┌──
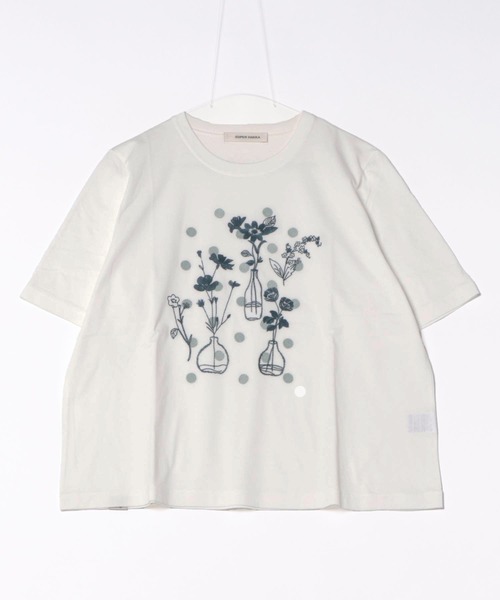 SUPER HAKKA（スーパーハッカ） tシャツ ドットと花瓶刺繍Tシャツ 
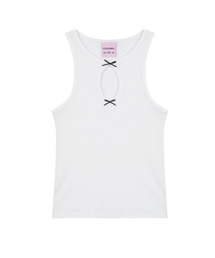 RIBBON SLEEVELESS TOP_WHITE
└──
┌──
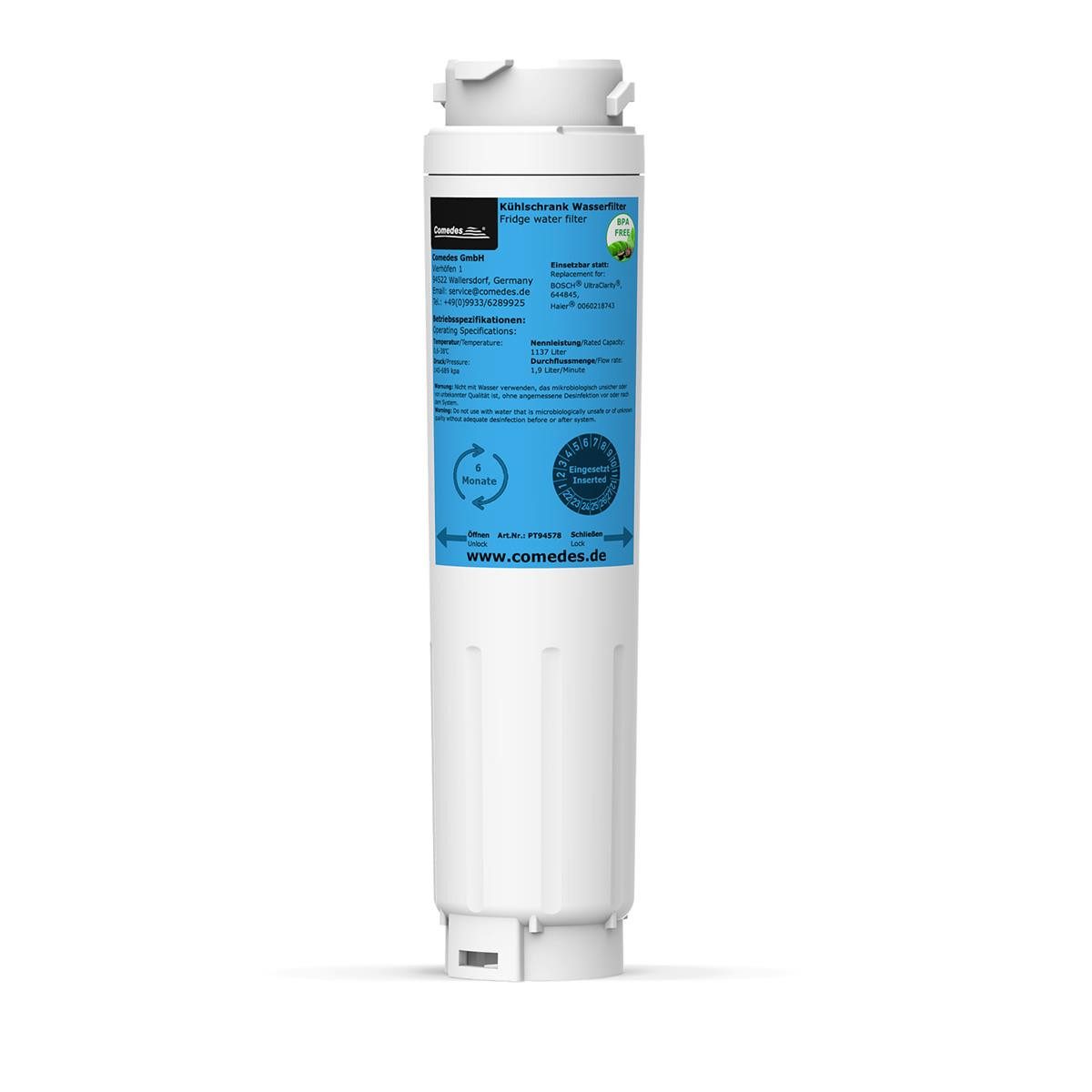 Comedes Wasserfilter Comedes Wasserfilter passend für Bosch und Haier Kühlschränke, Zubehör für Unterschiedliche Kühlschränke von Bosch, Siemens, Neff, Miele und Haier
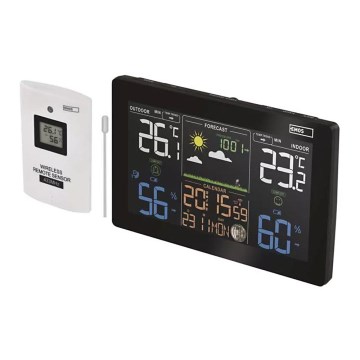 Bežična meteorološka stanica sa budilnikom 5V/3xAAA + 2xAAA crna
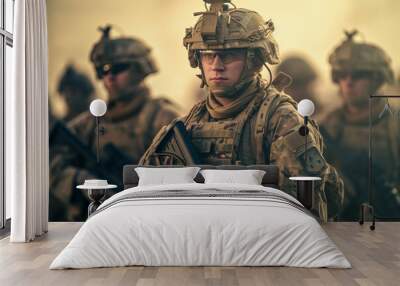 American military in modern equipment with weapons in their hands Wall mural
└──
┌──
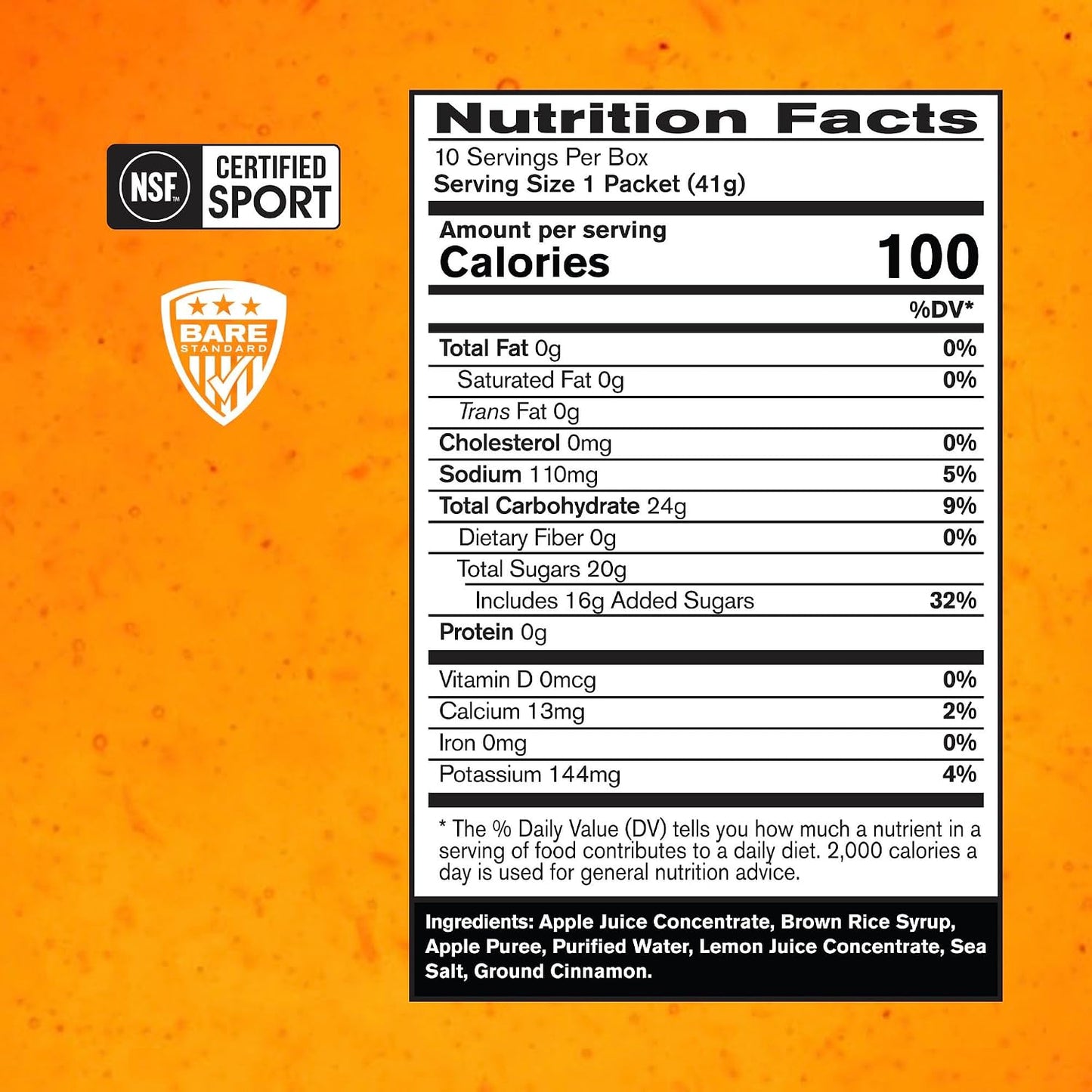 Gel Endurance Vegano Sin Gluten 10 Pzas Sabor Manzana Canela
└──
▶ **Task details**
Everything between and including the line above containing "SUPER HAKKA（スーパーハッカ） tシャツ ドットと花瓶刺繍Tシャツ" and the line containing "RIBBON SLEEVELESS TOP_WHITE" should be reproduced exactly, with pictures excluded.

▶ **Reply**
 SUPER HAKKA（スーパーハッカ） tシャツ ドットと花瓶刺繍Tシャツ 
 RIBBON SLEEVELESS TOP_WHITE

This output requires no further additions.